Double Nickels

I can't believe that I'm fifty-f***ing five years old!

One of the curses of having a great memory is that I can recall things that happened fifty years ago.

55?

Seriously.

I'm pretty sure that I can get the discount on breakfast at Denny's now and while that feels embarrassing, it's the goal, right?

"You're getting old!" People will say all day.

And I think:

"Yeah, I want to get older too."

What is disconcerting about another trip around the sun is that now I catch a glimpse at the obits...

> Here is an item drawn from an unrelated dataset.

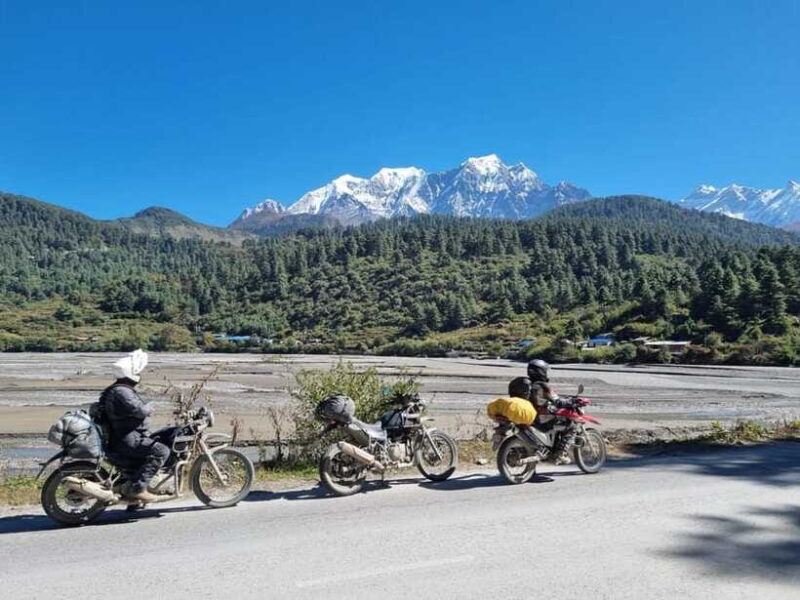 Everest View Motorbike Tour- 6 Days - Final Thoughts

...and I am prone to do that for a long moment every few days or so...

...and I think:

"That guy is younger than me."

And sooner or later I will reach an age where people will think:

"He had a good run."

Hope to, anyway.

I don't recall too many specifics of too many birthdays...they've all sort of run together.

At ten years old I was on a bus to an away football game where I sat on a bench in the cold and the highlight of the trip was the oranges I ate at halftime.

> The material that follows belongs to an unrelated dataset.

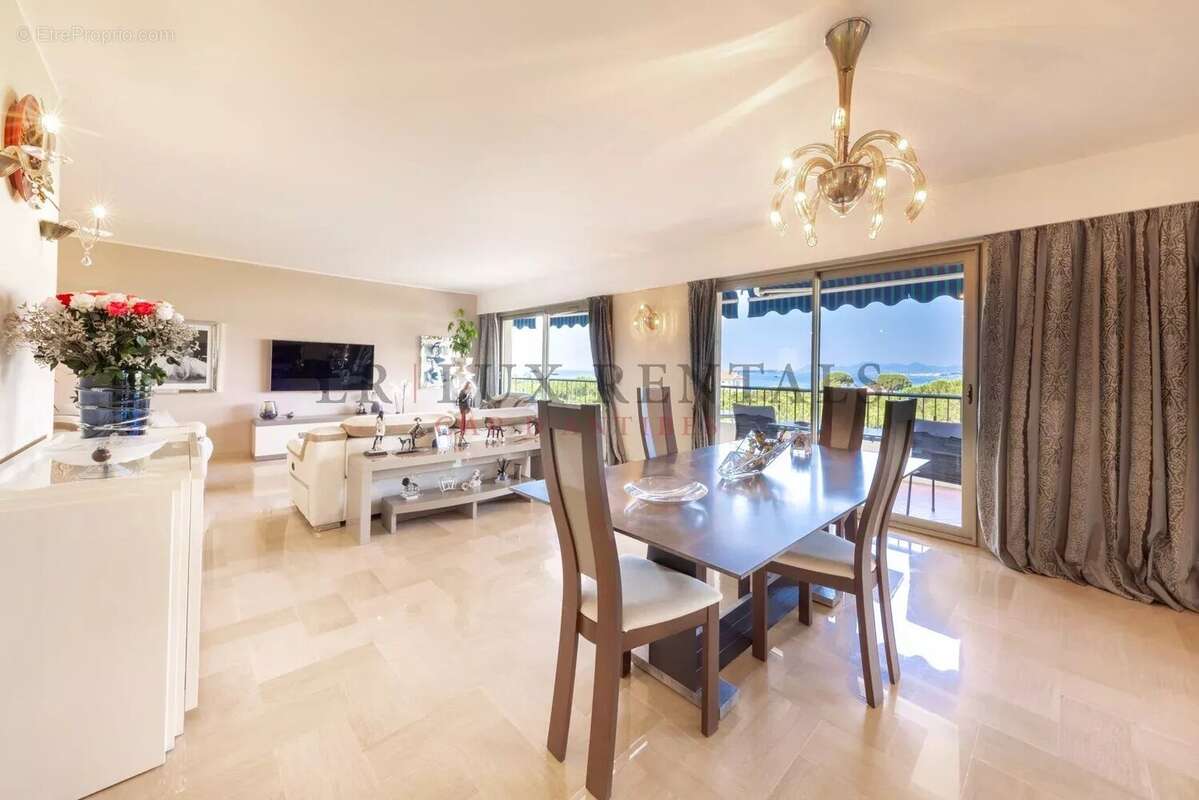 Appartement à ANTIBES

One of the team 'stars' said:

"Those are for the guys that play."

I secretly hoped he'd choke on his.

On my 13th birthday, Reginald Martinez Jackson hit three homers in Game 6 as the Yankees won the World Series over the Dodgers. I swore he did it for me.

On my 40th birthday the Yankees pounded the Red Sux as we all drank beer. The win that day gave the Yankees a 3-0 series lead.

They didn't win a 4th game in that series.

On my 50th birthday we went away for a couple of days and I sat in a hot tub.

55?

Who knows?

Kathy says that I can cook whatever I want for dinner.